Brendan Hannigan is cofounder and CEO of Sonrai Security and entrepreneur partner at Polaris Partners.  He is a former head of International Business Machines (IBM) Security Systems Division, chairman of Twistlock and CEO of Q1 Labs.  He is also an entrepreneur and an investor who focuses on security, cloud, and  software as a service (SaaS) startups.

Background 
Hannigan was born in Ireland where he finished a BSc in Computer Science at the University College at Dublin in 1987. At school, he became interested with FORTRAN programming on a VAX computer architecture and that started his interest and career in technology.

He immigrated to the United States in the early 1990s. He first lived in Boston, Massachusetts and secured employment at Motorola.

Career 
Hannigan started working in Ireland where he worked for Digital Equipment. His job at Digital involved writing terminal server and routing code. When he relocated to the U.S., he joined Motorola as a software engineer and subsequently Wellfleet Communications. He also worked for Forrester Research from 1996 to 2000 as Director of network research and implemented successful practices in the areas of enterprise networks, security technology, and product management.

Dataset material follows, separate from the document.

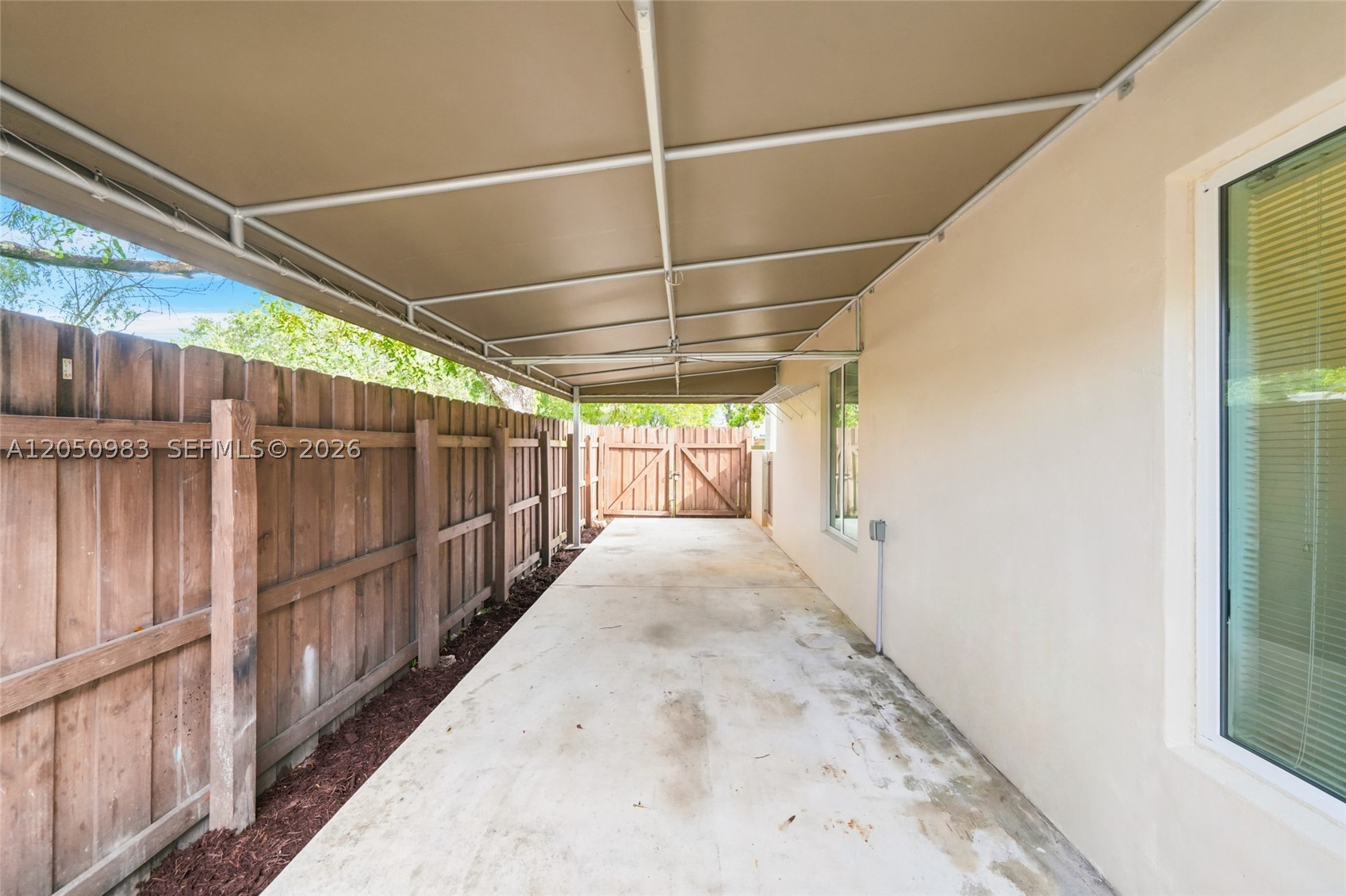 DEVON-AIRE VILLAS SEC 6 - Residential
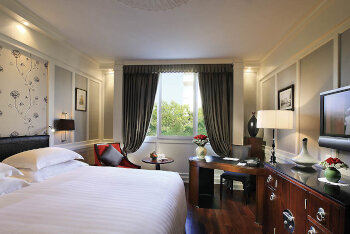 Opera Wing, Premium Room, Queen Bed, at Sofitel Legend Metropole Hanoi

Hannigan was, however, known as the President and CEO of Q1 Labs, which was acquired by IBM in 2011. The company, provided security intelligence software that analyzed and monitored events. In an interview, he said, "Our ideas are based on the simple realization that the perimeter protection paradigm that companies have relied on doesn't work in a world where the bad actors are so sophisticated. Built upon a foundation of intelligence, we must bring security closer to the data, person, and transaction.” The Q1 Labs' QRadar product was seen as compatible with IBM's existing products and central to its security strategy, hence the acquisition.

When IBM acquired Q1 Labs, the company created a new division, IBM Security,  that focused on helping clients address security challenges. Q1 Labs formed the basis of this security division and Hannigan was tapped to lead it. According to Gartner, that division has established itself as the third largest enterprise security software company, and IDC lists Hannigan's group as a world leader in security services. IBM would later acquire startups that reinforced the division's range of security services.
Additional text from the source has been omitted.